Photojournalist and Middle Tennessee State University alumnus Bill Steber takes a visual and interactive journey into the world of Delta blues with his newly installed exhibit, on display through Dec. 9 at Baldwin Photographic Gallery on the MTSU campus.

“Deep Roots: Evocations of the Mississippi Blues” features a collection of images, artifacts and mixed-media artwork from Steber’s 30-plus-year exploration and documentation of the Mississippi blues culture.

Steber will be on campus at 6 p.m. on Nov. 15 for an artist talk.

“What Bill does touches so many things—culture, history and music,” said Shannon Randol, MTSU assistant professor of photography and curator for Baldwin Gallery, located on the second floor of the Bragg Media and Entertainment Building. “He’s devoted almost his entire life to photographing one geographic location.”

Steber’s love of blues music dates to his childhood, when he discovered his parents’ record collection of crossover musicians John Lee Hooker and Jimmy Reed.

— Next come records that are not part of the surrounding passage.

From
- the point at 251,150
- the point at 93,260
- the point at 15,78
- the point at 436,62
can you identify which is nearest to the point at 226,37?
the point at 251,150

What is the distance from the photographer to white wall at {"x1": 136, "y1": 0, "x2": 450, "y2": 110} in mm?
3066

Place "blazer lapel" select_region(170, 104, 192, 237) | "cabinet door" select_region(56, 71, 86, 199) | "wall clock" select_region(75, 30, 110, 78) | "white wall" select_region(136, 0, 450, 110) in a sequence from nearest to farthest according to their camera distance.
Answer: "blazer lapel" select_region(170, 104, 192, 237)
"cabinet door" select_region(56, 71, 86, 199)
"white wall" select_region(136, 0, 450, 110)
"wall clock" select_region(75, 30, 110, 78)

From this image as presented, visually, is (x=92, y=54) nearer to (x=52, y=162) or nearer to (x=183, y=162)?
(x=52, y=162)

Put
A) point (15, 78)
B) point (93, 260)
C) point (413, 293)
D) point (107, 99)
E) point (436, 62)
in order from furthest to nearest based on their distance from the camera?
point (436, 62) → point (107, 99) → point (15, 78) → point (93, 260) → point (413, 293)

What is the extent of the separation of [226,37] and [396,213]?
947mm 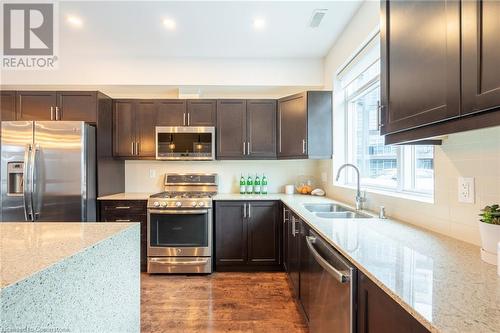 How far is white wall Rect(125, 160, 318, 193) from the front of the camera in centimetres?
392

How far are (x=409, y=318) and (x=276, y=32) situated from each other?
289cm

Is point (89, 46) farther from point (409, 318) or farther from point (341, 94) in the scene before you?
point (409, 318)

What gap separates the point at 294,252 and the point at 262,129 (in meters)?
1.76

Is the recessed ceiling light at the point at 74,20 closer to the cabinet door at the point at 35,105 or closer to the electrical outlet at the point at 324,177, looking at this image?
the cabinet door at the point at 35,105

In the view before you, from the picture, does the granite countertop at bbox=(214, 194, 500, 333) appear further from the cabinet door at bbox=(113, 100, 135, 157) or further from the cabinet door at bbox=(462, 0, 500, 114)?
the cabinet door at bbox=(113, 100, 135, 157)

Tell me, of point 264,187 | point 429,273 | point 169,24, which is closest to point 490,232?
point 429,273

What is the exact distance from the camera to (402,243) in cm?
131

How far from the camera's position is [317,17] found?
2639 millimetres

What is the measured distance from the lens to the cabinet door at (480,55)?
785mm

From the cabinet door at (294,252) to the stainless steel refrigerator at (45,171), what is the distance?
230cm

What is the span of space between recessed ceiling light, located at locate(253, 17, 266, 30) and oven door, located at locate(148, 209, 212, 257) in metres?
2.13

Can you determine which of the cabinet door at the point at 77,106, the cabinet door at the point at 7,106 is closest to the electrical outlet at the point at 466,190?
the cabinet door at the point at 77,106

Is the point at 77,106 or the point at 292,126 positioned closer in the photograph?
the point at 77,106

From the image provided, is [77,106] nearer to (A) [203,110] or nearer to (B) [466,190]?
(A) [203,110] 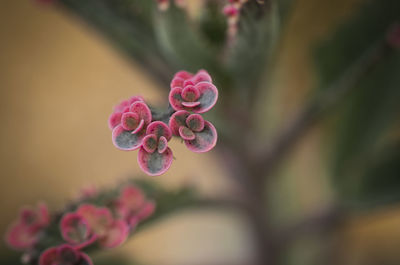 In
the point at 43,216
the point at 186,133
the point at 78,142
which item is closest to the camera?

“It was kind of transformative and I became a lifelong fan of traditional blues music,” said Steber, who picked up a camera about the same time he started tinkering with music.

After graduating from MTSU, Steber was hired at The Tennessean in Nashville as a staff photographer. In 1992, he and a reporter went on assignment into the heart of the Mississippi Delta, where he met legendary musician and folk artist Son Thomas.

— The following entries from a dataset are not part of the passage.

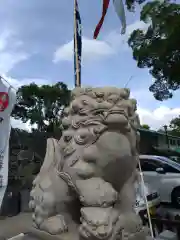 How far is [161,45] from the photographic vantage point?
6832mm

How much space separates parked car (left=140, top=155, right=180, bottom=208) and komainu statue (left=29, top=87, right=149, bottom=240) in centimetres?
500

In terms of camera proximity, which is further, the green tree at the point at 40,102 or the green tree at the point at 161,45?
the green tree at the point at 40,102

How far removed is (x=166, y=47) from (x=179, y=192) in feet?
11.2

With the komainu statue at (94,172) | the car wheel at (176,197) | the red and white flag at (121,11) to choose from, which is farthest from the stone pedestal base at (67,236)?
the car wheel at (176,197)

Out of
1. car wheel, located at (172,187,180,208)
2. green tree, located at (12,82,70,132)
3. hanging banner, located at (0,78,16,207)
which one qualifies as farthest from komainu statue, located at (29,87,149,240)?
green tree, located at (12,82,70,132)

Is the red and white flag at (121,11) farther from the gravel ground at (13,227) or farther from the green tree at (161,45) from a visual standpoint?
the green tree at (161,45)

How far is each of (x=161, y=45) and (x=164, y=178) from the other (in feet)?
10.5

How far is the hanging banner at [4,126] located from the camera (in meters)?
3.69

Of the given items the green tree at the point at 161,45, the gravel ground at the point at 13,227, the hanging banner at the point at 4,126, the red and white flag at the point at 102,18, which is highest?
the green tree at the point at 161,45

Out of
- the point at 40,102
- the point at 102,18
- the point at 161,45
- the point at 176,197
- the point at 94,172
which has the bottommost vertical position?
the point at 176,197

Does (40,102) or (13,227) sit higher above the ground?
(40,102)

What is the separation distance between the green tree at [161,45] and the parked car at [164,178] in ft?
7.56

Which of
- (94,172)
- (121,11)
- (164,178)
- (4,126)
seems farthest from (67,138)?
(164,178)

“It was a day that I can mark my life as ’before and after,’” Steber recalled.

In the front room of Thomas’ home in Leland, Mississippi was an “evocative” folk art sculpture of a woman’s body in a casket. Thomas performed for his guests and gave them an interview Steber will never forget.

“He was one of the most fascinating and genuine and inspiring human beings I’ve ever met, and I wanted to get as close to him and to the culture he represented [as I could],” Steber said.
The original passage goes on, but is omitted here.